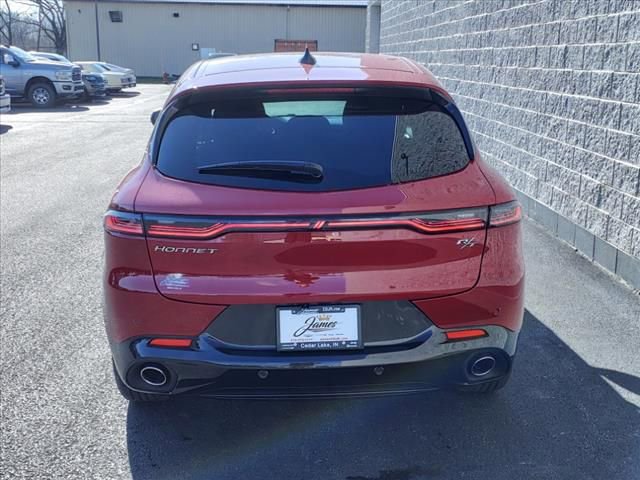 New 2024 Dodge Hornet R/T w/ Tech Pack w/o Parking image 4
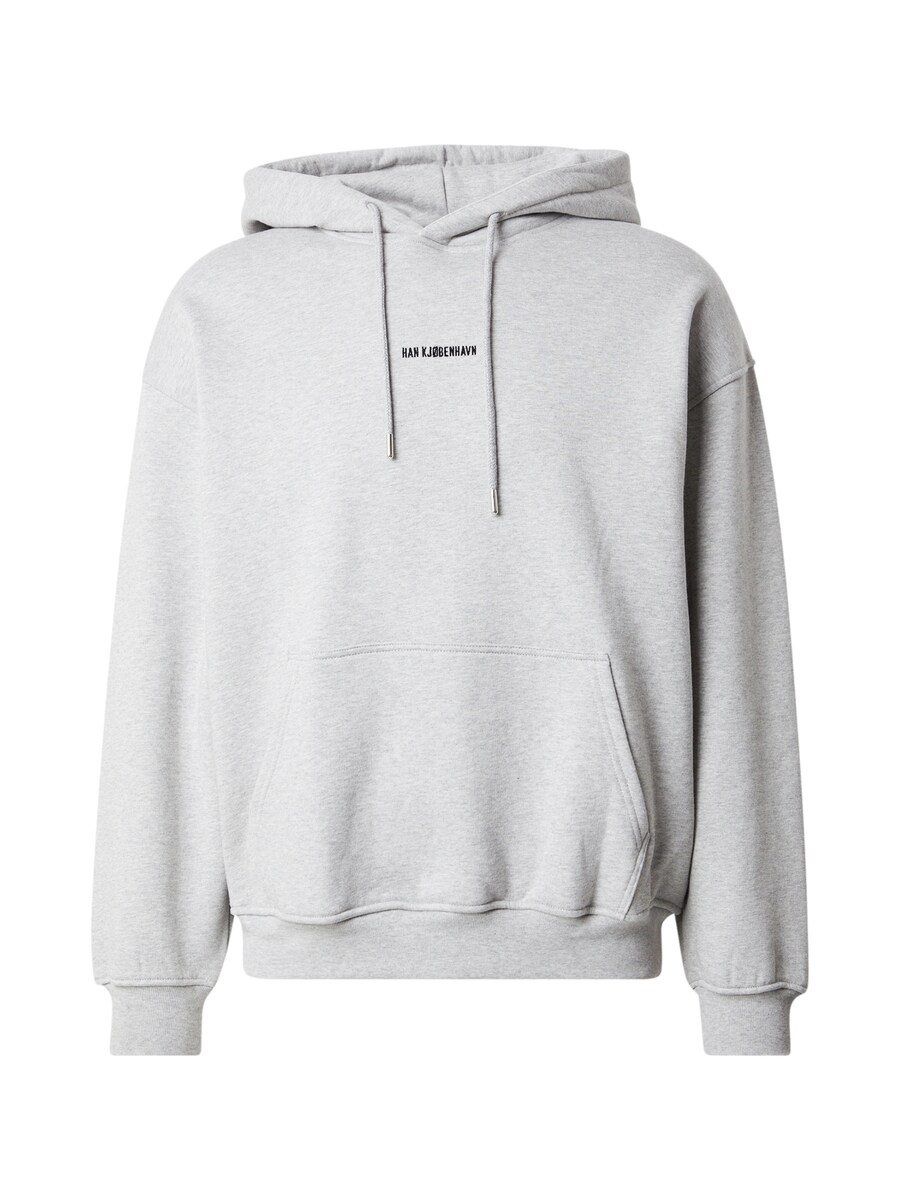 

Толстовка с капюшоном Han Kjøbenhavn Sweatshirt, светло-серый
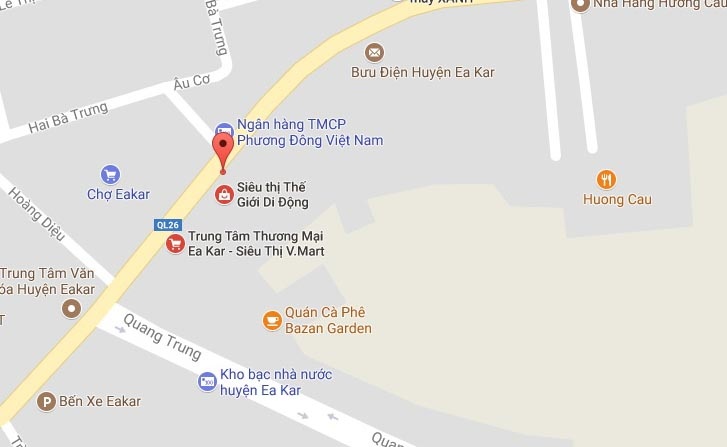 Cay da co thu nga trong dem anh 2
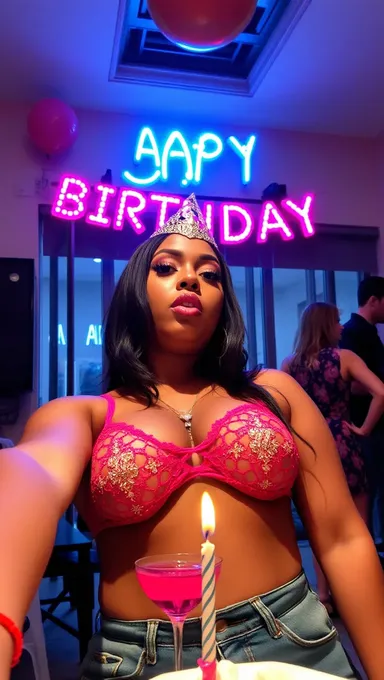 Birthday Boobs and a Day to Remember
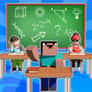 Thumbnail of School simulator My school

---+---

▸ **Exercise objective**: Would you output each entry exactly and leave the pictures behind?

▸ **Response to the task**:
 New 2024 Dodge Hornet R/T w/ Tech Pack w/o Parking image 4

Толстовка с капюшоном Han Kjøbenhavn Sweatshirt, светло-серый
 Cay da co thu nga trong dem anh 2
 Birthday Boobs and a Day to Remember
 Thumbnail of School simulator My school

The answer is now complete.